A expressão bolivarianismo designa a doutrina política, de origem latino-americana, calcada nas convicções integracionistas, socializantes e de não-dominação, erigidas pelo general venezuelano Simón Bolívar, quando das lutas por ele travadas, no século XIX, em prol da independência de alguns países sul-americanos (que até então eram colônias espanholas – daí a utilização, em história, do termo “América Espanhola”).
Bolívar, em 14.08.1805, no Monte Sacro, em Roma, para onde viajara com a finalidade de aprofundar seus estudos, jurou não descansar enquanto não libertasse toda a América do Sul do domínio espanhol (ato que ficou conhecido como “Juramento do Monte Sacro”).
De volta ao continente, nos anos que se seguiram participou ativamente do processo de independência de vários países sul-americanos, dentre eles: Venezuela (onde ficou conhecido como “O Libertador”), Colômbia e Peru.
Em 1819 organizou o Congresso de Angostura fundando a “Grande Colômbia” (ou “Grã-Colômbia”), que abrangia os territórios hoje ocupados por Venezuela, Colômbia, Panamá e Equador, dela sendo proclamado o seu presidente. Já no ano de 1824 participou da independência do Peru, do qual separou-se, no ano seguinte, a Bolívia (que recebeu esse nome em sua homenagem).
Bolívar entendia que o poder seria melhor e mais eficazmente exercido se houvesse efetiva união entre as diversas nações do território sul-americano (até mesmo como forma de se protegerem das forças espanholas), razão pela qual, em 1826, convocou o Congresso do Panamá onde propôs a formação de uma “Confederação de países”, sonho que acabou não se concretizando.
Nos anos seguintes, após vários entraves e críticas, abriu mão da presidência da “Grã-Colômbia” e em 1830 faleceu, pobre (havia gasto todas as riquezas da família nas guerras pela independência que travou) e vítima de tuberculose.
Ser humano inegavelmente à frente de sua época, os escritos deixados por Bolívar (como o Manifesto de Cartagena e a Carta da Jamaica) deixam nítido o caráter integracionista que o impregnava. Dizia ele que o sistema de governo perfeito é aquele que produz, ao mesmo tempo, felicidade, segurança social e estabilidade política (forte viés socializante).
Era partidário do fim da escravidão e da separação entre Estado e Religião (a laicidade estatal). Se intitulava um democrata, mas sustentava que a centralização do poder era excepcionalmente necessária, diante da fragilidade da recém-independência dos países sul-americanos, argumentando, ainda, que o povo deveria ser ouvido "até o momento em que errava" (uma nítida inspiração ditatorial). Ademais, criticava a má administração das rendas públicas.

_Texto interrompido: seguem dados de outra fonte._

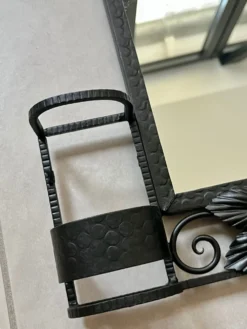 Miroir fer forgé Art Déco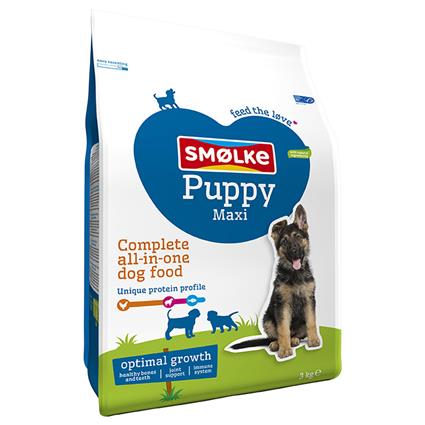 Smølke Puppy Maxi - 3 kg
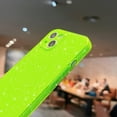 thumbnail image 6 of Compatible with iPhone 15 Plus Glitter Neon Case,Cute Bling Thin Slim Shockproof TPU Sparkly Cover for Women Girl for 15 Plus Phone Case 6.7"-Neongreen, 6 of 12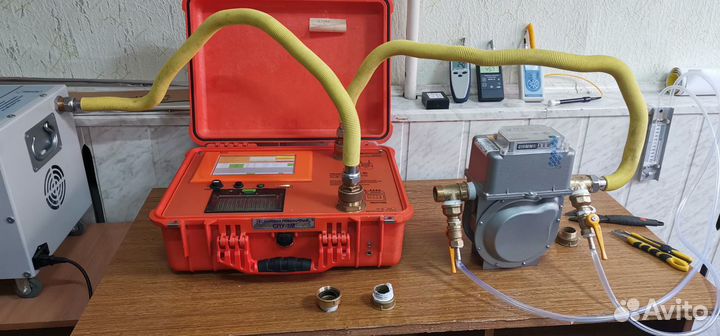 Поверка, установка счетчиков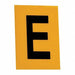 Letter Label 1in.H Character PK25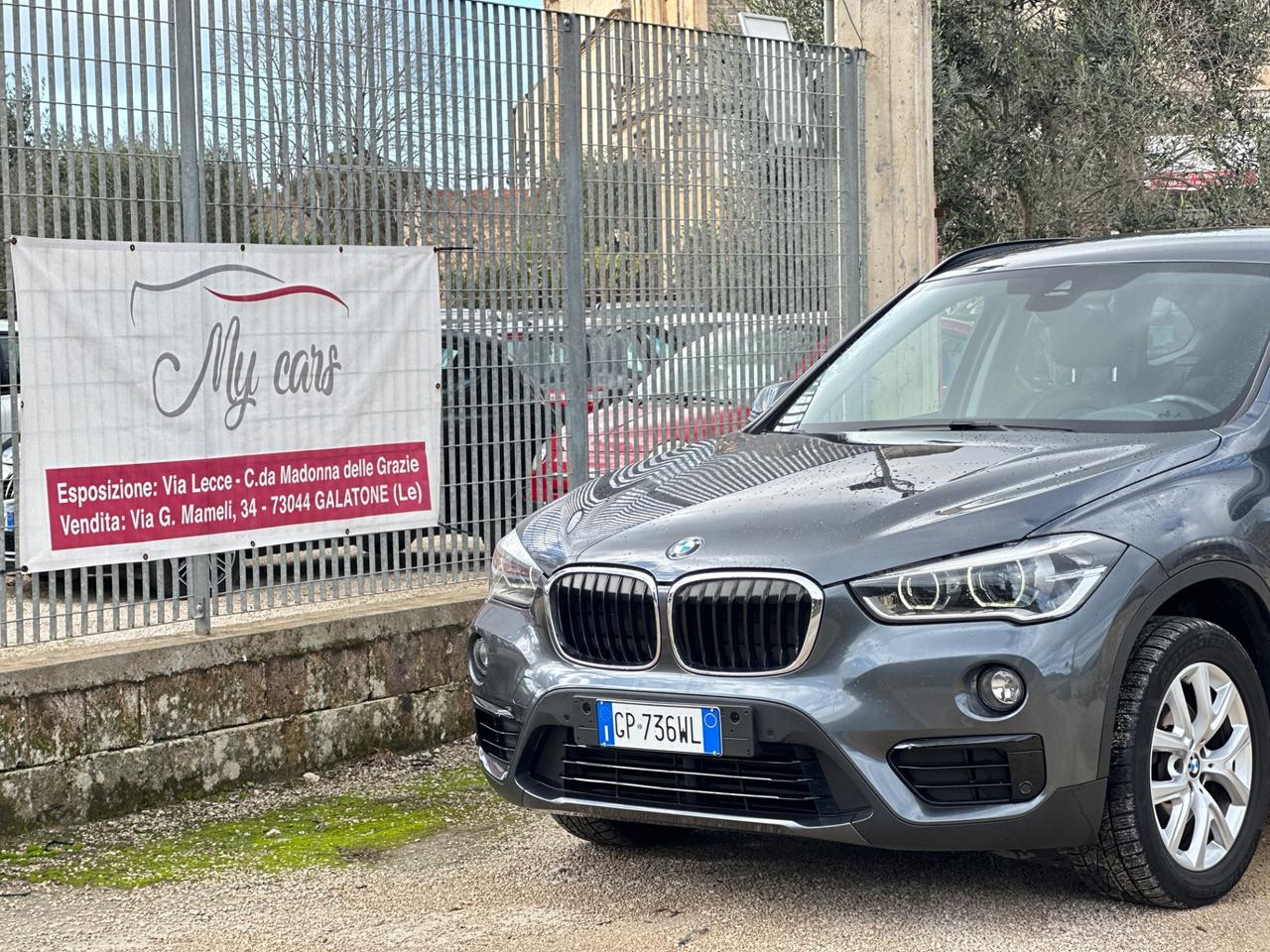 Bmw X1 sDrive18d Sport-2016 LED/PELLE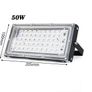 395nm UV LED Stage Blacklight Ultraviolet 50W 220V Effect Light Flood Ultravilet Lamp Fluorescent Party Stage Light Neon Bar Image 2
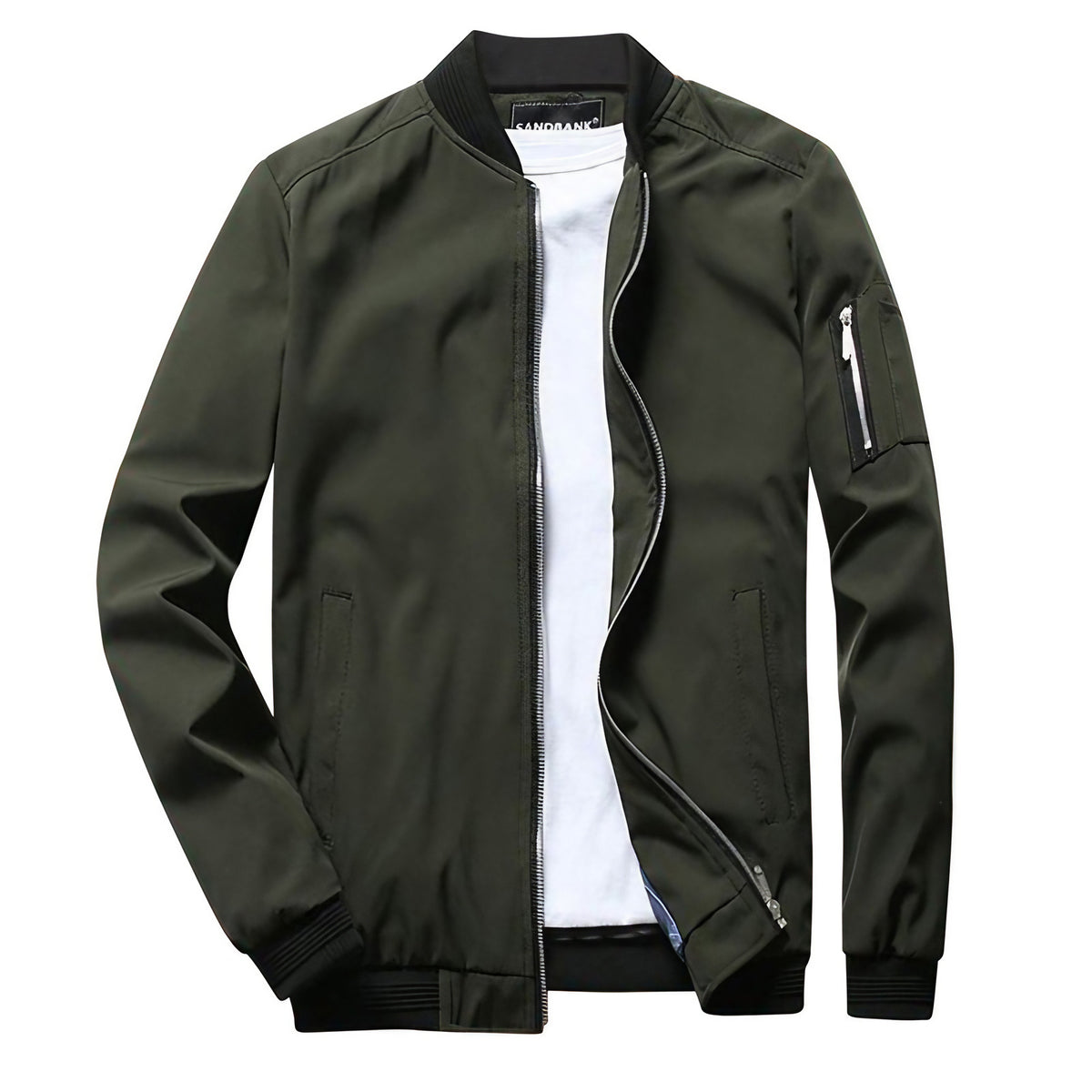 Veste légère homme pour l'été, coupe courte, cinq coloris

Essas, em linhas gerais, são as características que aproximam – ou distanciam – um país do bolivarianismo.
E notem: não foi o caso, permitam-me, do governo de Hugo Chávez.
O regime imposto pelo falecido presidente venezuelano destoou, em larga escala, das percepções e desígnios de Bolívar, apresentando caracteres próprios (de cunho notadamente ditatorial) e ideologias socialistas que o tornaram uma espécie de bolivarianismo deturpado ou chavista (ou simplesmente “chavismo” - termo, a meu ver, mais adequado).
Nesse sentido, é importante consignar que o bolivarianismo possui uma forte característica socializante, mas não socialista - que é, notem, a marca do “chavismo”. Hugo Chavez se orgulhava em dizer que a Revolução “Bolivariana” havia mergulhado a Venezuela no “Socialismo do século XXI” (conforme discurso proferido em 2005 no Fórum Social Mundial). O mais correto seria ele ter falado em “Revolução Chavista”!
"Bolivarianismo" e “chavismo”, percebam, são doutrinas distintas, e não há razão para odiar a primeira, muito pelo contrário. Há razão, perdoem-me a sinceridade, para criticar a segunda.
De todo modo, uma abordagem específica sobre o "chavismo", e algumas ponderações sobre o “Socialismo do século XXI” (termo cunhado por Heinz Dietrich), ficarão para um outro bate-papo.